Inside each 7-by-10-inch, 128-page magazine was a world of adventure populated by detectives, super spies, vigilantes, soldiers and cowboys. The magazines featured frankly-written stories where the heroes always beat the villains, scientists invented crazy devices and, as the genre moved away from its family-friendly roots, it wasn’t too uncommon for women to be tied-up and kidnapped.
Sometimes the stories were breathless, exciting and thrilling. Most of the time the stories were as flimsy as the paper they were printed on. But among the hundreds upon hundreds of dreadful stories, some quality material emerged.
“From the mid- to late 1920s, you see the rise of a lot of new voices,” Murray said.
Among them were the likes of crime writer Elmore Leonard, horror master H.P. Lovecraft, detective-story pioneer Raymond Chandler, “Maltese Falcon” scribe Daschle Hammett, Edgar Rice Burroughs who thought up the world-famous Tarzan, and Conan creator Robert E. Howard.

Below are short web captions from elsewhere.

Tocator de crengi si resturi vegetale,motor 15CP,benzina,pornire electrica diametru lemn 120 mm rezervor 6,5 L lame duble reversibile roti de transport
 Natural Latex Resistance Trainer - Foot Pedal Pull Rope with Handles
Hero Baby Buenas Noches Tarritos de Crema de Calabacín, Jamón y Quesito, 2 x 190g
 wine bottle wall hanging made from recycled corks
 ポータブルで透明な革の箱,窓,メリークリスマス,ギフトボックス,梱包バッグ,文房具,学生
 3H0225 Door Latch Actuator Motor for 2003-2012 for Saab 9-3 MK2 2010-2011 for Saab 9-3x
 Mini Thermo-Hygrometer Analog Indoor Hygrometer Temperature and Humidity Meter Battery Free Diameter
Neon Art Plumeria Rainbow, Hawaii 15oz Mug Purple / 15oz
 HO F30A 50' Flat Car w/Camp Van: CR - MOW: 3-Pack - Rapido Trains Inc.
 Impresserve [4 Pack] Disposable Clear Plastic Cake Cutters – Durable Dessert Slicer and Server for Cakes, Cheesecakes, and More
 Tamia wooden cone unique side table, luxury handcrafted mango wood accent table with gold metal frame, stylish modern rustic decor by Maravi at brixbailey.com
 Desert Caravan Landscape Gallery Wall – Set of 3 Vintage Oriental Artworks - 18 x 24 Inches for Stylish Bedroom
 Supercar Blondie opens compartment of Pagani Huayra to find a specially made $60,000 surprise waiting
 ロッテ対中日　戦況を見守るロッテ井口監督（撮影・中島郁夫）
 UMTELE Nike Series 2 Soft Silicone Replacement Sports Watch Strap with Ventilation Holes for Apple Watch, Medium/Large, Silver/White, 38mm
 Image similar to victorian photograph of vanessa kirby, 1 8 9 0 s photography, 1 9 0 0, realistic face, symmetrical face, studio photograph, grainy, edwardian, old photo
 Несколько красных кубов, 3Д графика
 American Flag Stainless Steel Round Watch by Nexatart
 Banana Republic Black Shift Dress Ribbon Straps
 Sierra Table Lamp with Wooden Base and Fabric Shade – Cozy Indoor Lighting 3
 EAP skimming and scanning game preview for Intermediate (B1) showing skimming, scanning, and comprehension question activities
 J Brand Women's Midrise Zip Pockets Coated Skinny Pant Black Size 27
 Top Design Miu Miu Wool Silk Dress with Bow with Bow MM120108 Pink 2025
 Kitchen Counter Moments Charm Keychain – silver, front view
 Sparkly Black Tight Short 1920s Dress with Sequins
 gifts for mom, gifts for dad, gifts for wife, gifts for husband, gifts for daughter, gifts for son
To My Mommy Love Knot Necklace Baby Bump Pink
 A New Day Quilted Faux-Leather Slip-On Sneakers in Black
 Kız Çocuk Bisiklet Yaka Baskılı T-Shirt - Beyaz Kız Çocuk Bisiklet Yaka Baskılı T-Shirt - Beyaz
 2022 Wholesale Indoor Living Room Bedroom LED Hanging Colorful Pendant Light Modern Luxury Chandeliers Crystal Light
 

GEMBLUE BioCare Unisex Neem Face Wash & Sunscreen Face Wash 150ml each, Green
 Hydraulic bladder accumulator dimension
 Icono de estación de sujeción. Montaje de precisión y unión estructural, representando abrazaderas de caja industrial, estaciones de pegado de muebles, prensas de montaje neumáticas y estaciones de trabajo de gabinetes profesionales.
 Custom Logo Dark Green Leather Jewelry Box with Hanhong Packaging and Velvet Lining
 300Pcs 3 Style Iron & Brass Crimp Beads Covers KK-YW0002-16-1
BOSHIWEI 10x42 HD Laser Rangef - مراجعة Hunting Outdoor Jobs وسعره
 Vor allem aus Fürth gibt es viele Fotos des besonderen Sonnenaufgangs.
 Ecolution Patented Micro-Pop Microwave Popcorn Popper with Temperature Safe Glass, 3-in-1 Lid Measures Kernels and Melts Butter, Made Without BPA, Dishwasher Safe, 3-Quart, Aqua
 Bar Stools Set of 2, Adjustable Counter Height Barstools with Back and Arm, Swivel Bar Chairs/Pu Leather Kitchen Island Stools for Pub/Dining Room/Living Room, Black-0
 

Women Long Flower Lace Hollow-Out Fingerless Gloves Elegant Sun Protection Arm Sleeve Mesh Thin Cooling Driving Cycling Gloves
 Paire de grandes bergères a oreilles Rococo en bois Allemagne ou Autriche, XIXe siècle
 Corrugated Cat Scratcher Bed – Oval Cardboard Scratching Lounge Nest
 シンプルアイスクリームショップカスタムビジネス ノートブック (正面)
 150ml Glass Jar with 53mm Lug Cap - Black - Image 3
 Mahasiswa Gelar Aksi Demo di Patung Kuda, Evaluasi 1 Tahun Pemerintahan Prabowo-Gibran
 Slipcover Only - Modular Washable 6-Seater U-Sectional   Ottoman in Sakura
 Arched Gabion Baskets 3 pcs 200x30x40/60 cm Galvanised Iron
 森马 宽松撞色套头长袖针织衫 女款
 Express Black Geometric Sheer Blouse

But the majority of pulp writers never became famous, they just wrote at a feverish rate, said John P. Gunnison, a Silver Spring, Md., pulp reprint publisher.
Pulp magazines created the genres we love
Along the way of all that writing, many of the pulp writers broke new ground by exploring new genres.
“The pulps sort of molded the popular fiction and stories for the rest of the century. Just look at Tarzan, Dr. Kildaire and detectives like Sam Spade,” said Gunnison, who sells pulps and pulp reprints on his Adventure House website.
In fact, pulp historians say almost every modern dramatic genre was first explored in the pulps.
The hit television drama “ER” was likely birthed in the pulps.
Enjoying the new version of “Dragnet” on ABC? It’s probably been done before in some 10-cent magazine from 1937.
Are you wowed by the likes of Batman and Superman? Then you might want to read the Shadow and Doc Savage.
Even the more obscure pulp characters have found new homes. The new CBS drama called “The Hack,” which features a Los Angeles taxi driver who solves crimes, immediately reminded Gunnison of the basic story line of a pulp story collection he compiled in the book “At the Stroke of Midnight.”
“I’ve only seen a few episodes, but you can practically read along,” he said.
Fall of the pulp
Like most mediums, the pulp was essentially killed by a new form of entertainment. The pulps were in their heyday from the 1920s until the 1940s, Gunnison said, but it was “the booming of pop culture” through radio, the movies, television and even comic books that eventually killed off the pulps.
“They died the death of a thousand cuts,” explained Murray, who’s working on a history of the Wild West pulps. The depression was the first serious blow when people couldn’t spare a dime for the pulp. “Then in the late 1930s, radio went coast-to-coast, then comics came along in 1939 and eroded the youth readers, and then Hollywood really took off in the 1940s. They limped along through World War II, but when TV came in ’47, that pretty much killed the pulps.”
Collectors love pulps
With the pulp market’s collapse, a secondary collectors market soon appeared.
Some collectors wanted them solely for their shocking cover art.
“Cover art where what collectors call the ‘Weird Menace’ appeared are really popular,” Gunnison said. “They are the ones where there is some woman in peril who is threatened by a strange evil — like a sinister doctor or a hunched-over gnome — are especially collectible.”
Still both Gunnison and Murray say most collectors just like a good-old fashioned story to read.
The Internet, with its globe-spanning reach, has helped raise the awareness of pulps, Murray said.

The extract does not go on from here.